*** Dataset section ***

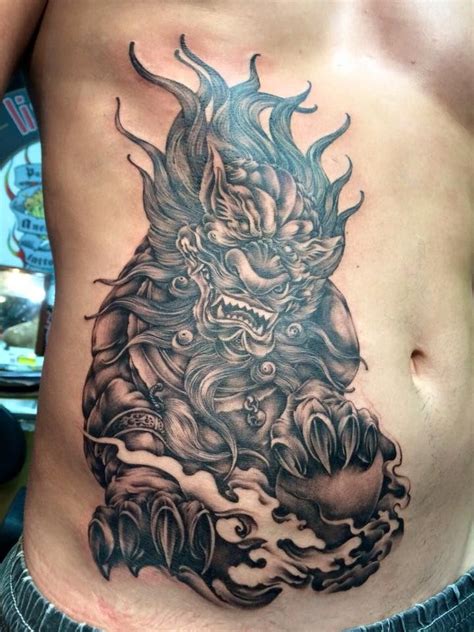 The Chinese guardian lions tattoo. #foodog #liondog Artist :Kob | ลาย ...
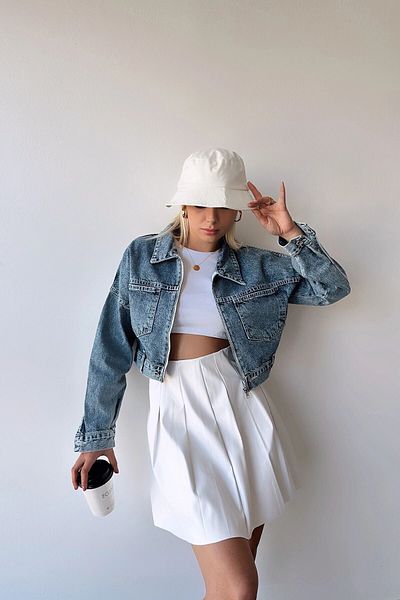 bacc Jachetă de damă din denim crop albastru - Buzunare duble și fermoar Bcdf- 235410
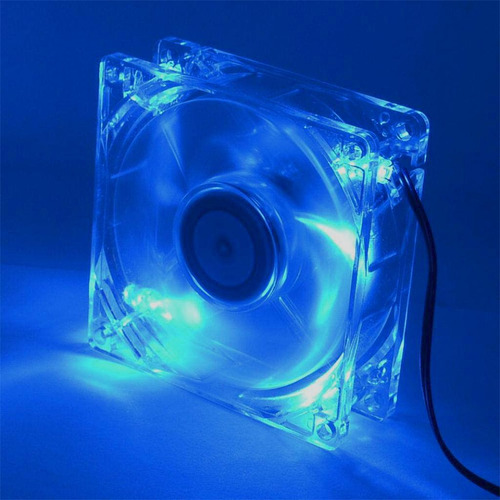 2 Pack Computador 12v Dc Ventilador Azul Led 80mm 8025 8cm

*** End of Dataset section ***

▸ **Directions**
Repeat the listing word for word, and skip every picture it contains.

▸ **Exercise response**
 The Chinese guardian lions tattoo. #foodog #liondog Artist :Kob | ลาย ...
 bacc Jachetă de damă din denim crop albastru - Buzunare duble și fermoar Bcdf- 235410
 2 Pack Computador 12v Dc Ventilador Azul Led 80mm 8025 8cm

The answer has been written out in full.